● ACTIVITY
Go to the line in the entries below that holds "Dainese Herren Dry" and repeat exactly from there through the line that holds "SUPPLI-X Cognitive Support", inclusive.

● MATERIAL PROVIDED

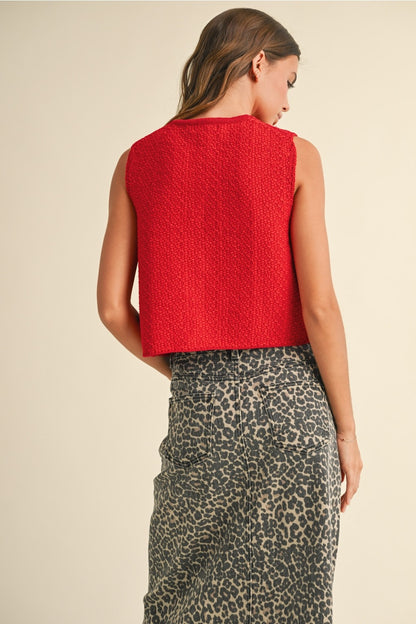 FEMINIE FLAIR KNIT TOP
==
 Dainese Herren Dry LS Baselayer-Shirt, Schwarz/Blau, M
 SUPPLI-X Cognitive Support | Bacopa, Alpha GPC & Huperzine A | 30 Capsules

● RESULT OF THIS EXERCISE
 Dainese Herren Dry LS Baselayer-Shirt, Schwarz/Blau, M
 SUPPLI-X Cognitive Support | Bacopa, Alpha GPC & Huperzine A | 30 Capsules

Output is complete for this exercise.